Я онемел от удивления и волнения, слово замерло на губах.
— Виноват и жду наказания, — наконец сказал я.
— Я не люблю спешить с наказанием, — ответил император, — и, если могу избежать этой крайности, но я требую полного сердечного подчинения моей воле. Ты не возразил на упрек во вражде к твоему государю, скажи же, почему ты враг ему?
— Просите, ваше величество, что, не ответив, я дал повод неверно обо мне думать. Я никогда не был врагом моего государя, но был врагом абсолютной монархии.
Царь усмехнулся на это признание и воскликнул, хлопая меня по плечу:
— Мечтания итальянского карбонарства и немецких тугендбундов! Республиканские химеры всех гимназистов, лицеистов, недоваренных мыслителей из университетской аудитории. С виду они величавы и красивы, в существе своем жалки и вредны! Республика есть утопия, потому что она есть состояние переходное, ненормальное, в конечном счете, всегда ведущая к диктатуре, а через нее к абсолютной монархии. Не было в истории такой республики, которая в трудную минуту обошлась бы без самоуправства одного человека и которая избежала бы разгрома и гибели, когда в ней не оказалось дельного руководителя. Силы страны в сосредоточенной власти, ибо, где все правят — никто не правит. Где всякий законодатель — там нет ни твердого закона, ни единства политических целей, ни внутреннего лада.
— Ваше величество, — отвечал я, — кроме республиканской формы правления, которой препятствует огромность России, существует еще одна политическая форма — конституционная монархия.
— Она годится для государств, окончательно установившихся, — ответил Николай Павлович с глубоким убеждением, — а не для тех, кто находится на пути развития и роста.
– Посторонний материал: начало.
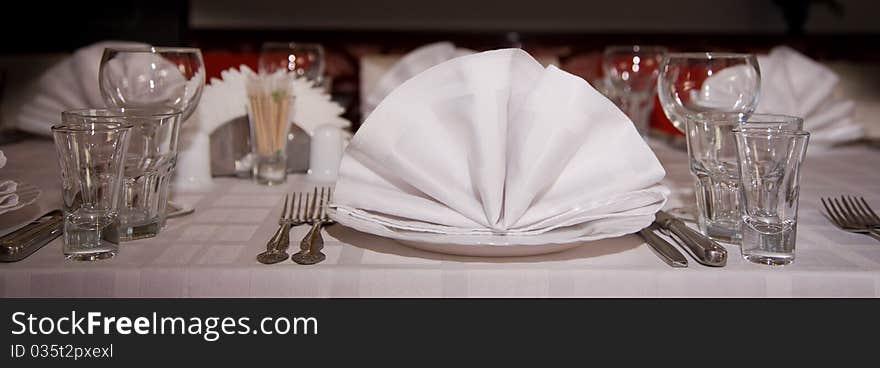 The wedding table is covered in day of celebrating of wedding. The wedding table is covered in day of celebrating of wedding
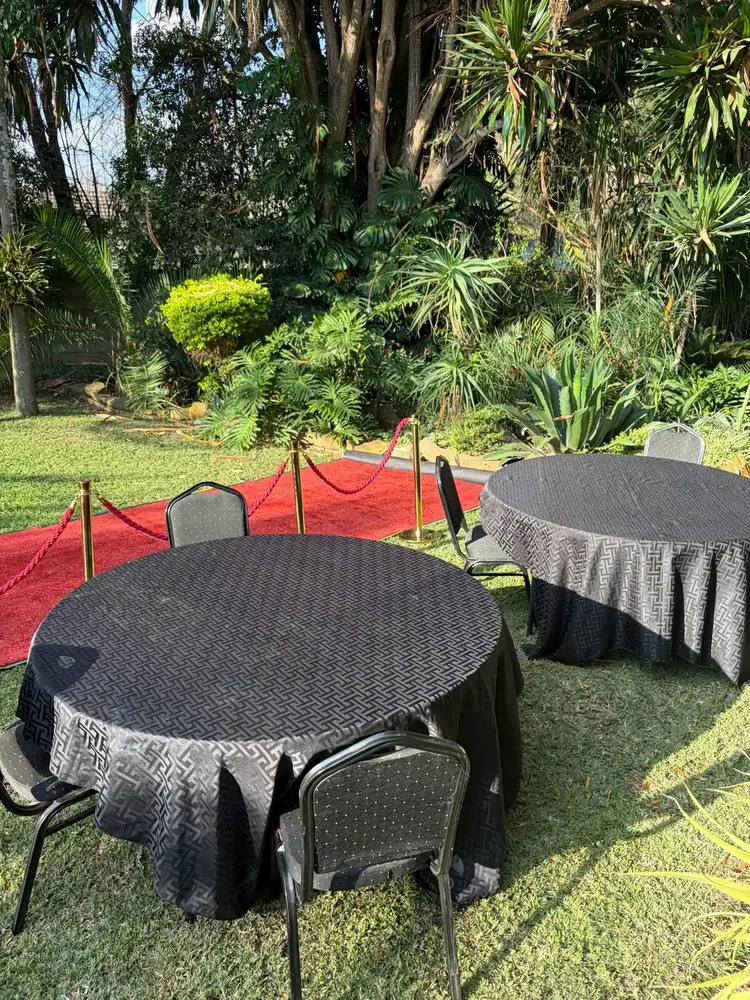 Round black linen tables and chairs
Россия еще не вышла из периода борьбы за существование, она еще не вполне установившаяся, монолитная страна, элементы, из которых она состоит, друг с другом не согласованы. Их сближает и спаивает только самодержавие, неограниченная, всемогущая воля монарха. Без этой воли не было бы ни развития, и малейшее сотрясение разрушило бы все строение государства. Неужели ты думаешь, что, будучи конституционным монархом, я мог бы сокрушить главу революционной гидры? Удержать в повиновении остатки гвардии и обуздать уличную чернь, всегда готовую к бесчинству, грабежу и насилию? Она не посмела подняться против меня! Потому что самодержавный царь для нее — наместник Бога на земле.
Когда он говорил это, он в эту минуту не гневался, но испытывал свою силу, измерял силу сопротивления, мысленно с ним боролся и побеждал. Затем выражение его лица смягчилось, он прошелся по кабинету, снова остановился передо мною и сказал:
— Ты еще не все высказал, может быть, у тебя на сердце лежит что-нибудь такое, что его тревожит и мучит? Признайся смело, я хочу тебя выслушать.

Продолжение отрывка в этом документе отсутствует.